What the task asks
Write out the entries below once more, exactly, with the pictures left out.

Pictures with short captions
╭──

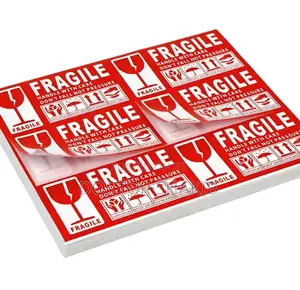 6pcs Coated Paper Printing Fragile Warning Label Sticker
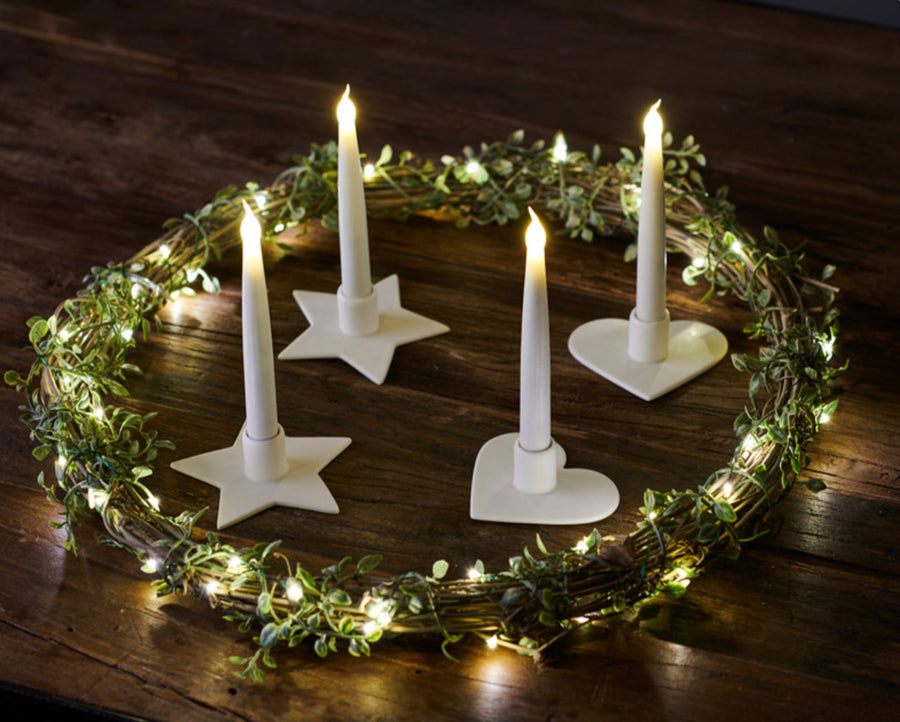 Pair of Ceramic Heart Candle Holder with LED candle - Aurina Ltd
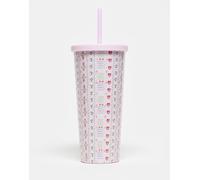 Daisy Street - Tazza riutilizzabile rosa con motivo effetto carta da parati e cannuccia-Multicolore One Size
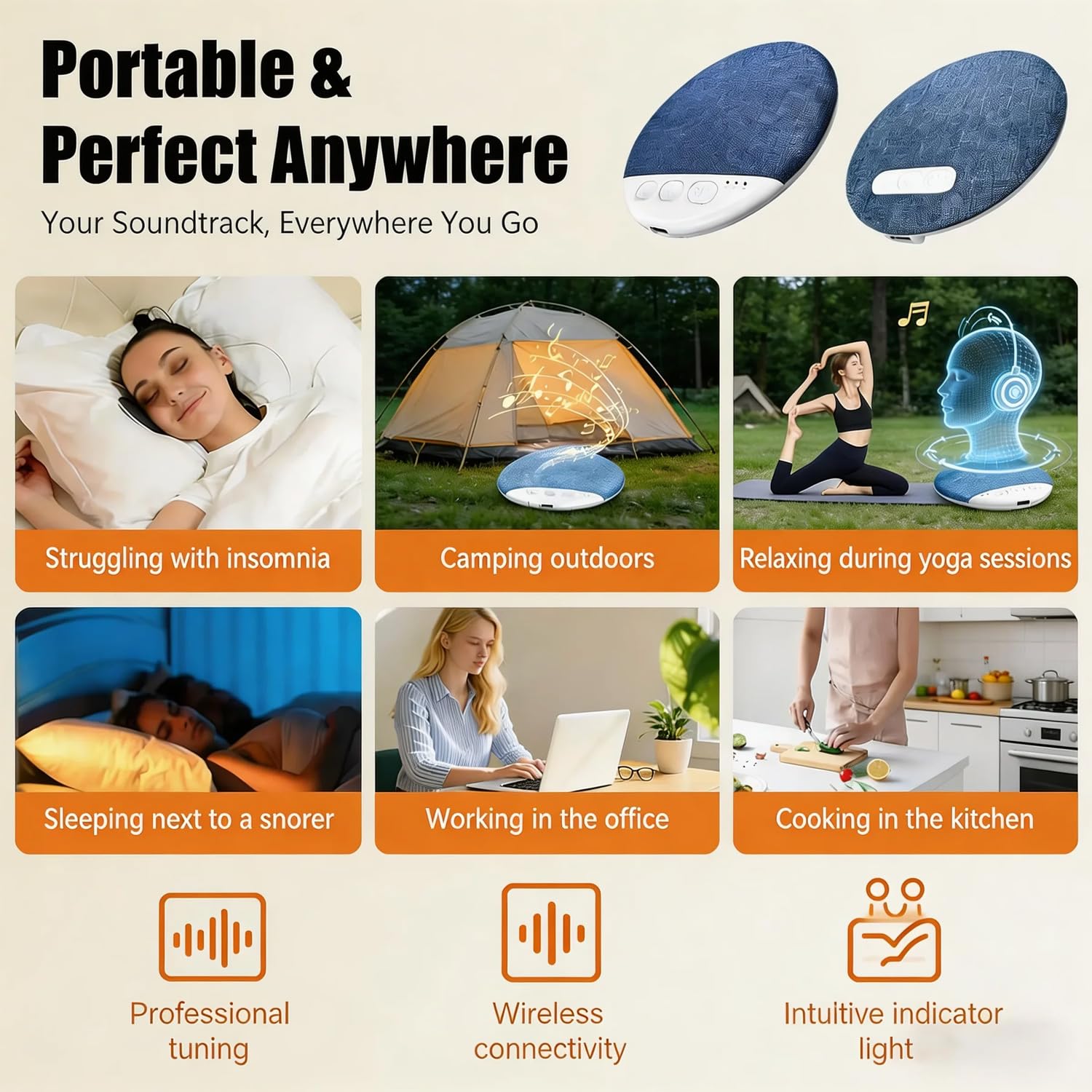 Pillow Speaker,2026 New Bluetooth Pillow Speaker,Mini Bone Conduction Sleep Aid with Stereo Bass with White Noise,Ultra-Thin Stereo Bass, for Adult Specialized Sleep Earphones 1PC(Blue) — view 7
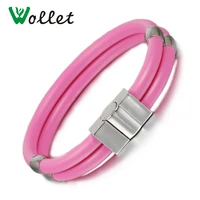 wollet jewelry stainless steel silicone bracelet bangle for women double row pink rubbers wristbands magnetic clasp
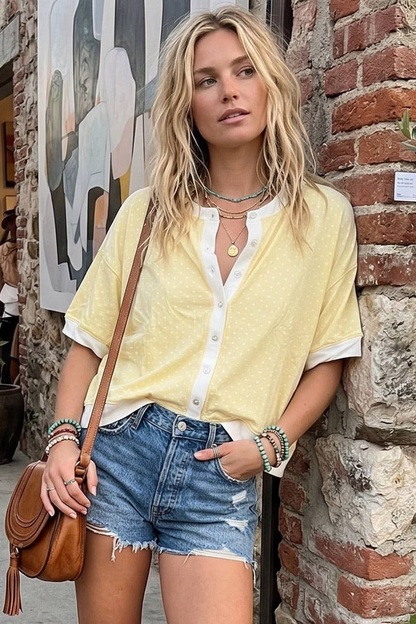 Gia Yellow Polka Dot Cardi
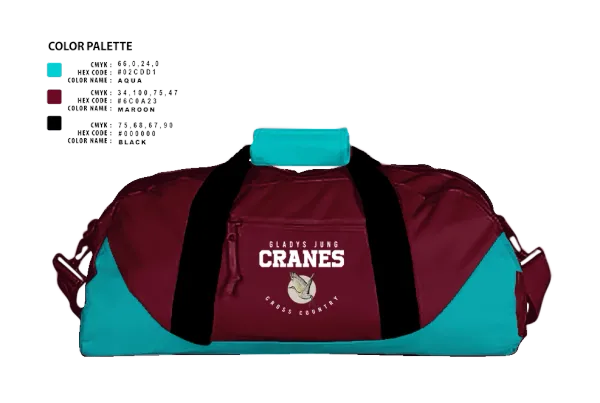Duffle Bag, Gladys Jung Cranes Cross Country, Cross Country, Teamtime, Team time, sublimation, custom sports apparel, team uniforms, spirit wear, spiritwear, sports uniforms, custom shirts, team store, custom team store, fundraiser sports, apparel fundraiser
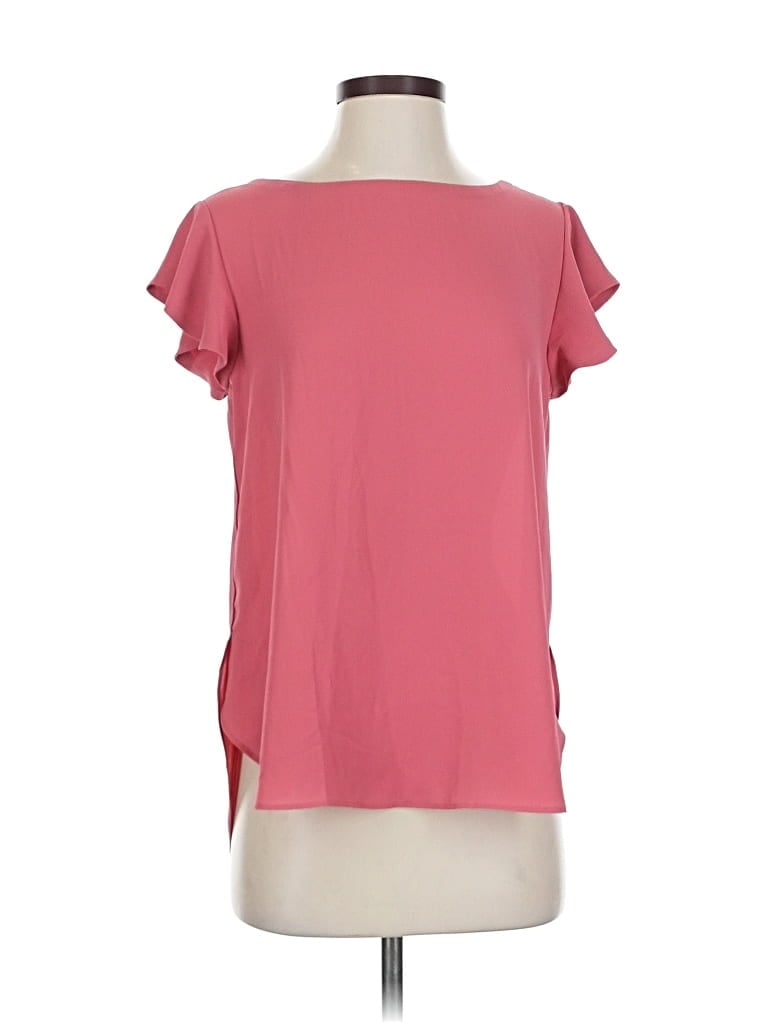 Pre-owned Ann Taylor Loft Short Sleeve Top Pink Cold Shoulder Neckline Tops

╰──

Worked solution
 6pcs Coated Paper Printing Fragile Warning Label Sticker
 Pair of Ceramic Heart Candle Holder with LED candle - Aurina Ltd
 Daisy Street - Tazza riutilizzabile rosa con motivo effetto carta da parati e cannuccia-Multicolore One Size
 Pillow Speaker,2026 New Bluetooth Pillow Speaker,Mini Bone Conduction Sleep Aid with Stereo Bass with White Noise,Ultra-Thin Stereo Bass, for Adult Specialized Sleep Earphones 1PC(Blue) — view 7
 wollet jewelry stainless steel silicone bracelet bangle for women double row pink rubbers wristbands magnetic clasp
 Gia Yellow Polka Dot Cardi
Duffle Bag, Gladys Jung Cranes Cross Country, Cross Country, Teamtime, Team time, sublimation, custom sports apparel, team uniforms, spirit wear, spiritwear, sports uniforms, custom shirts, team store, custom team store, fundraiser sports, apparel fundraiser
 Pre-owned Ann Taylor Loft Short Sleeve Top Pink Cold Shoulder Neckline Tops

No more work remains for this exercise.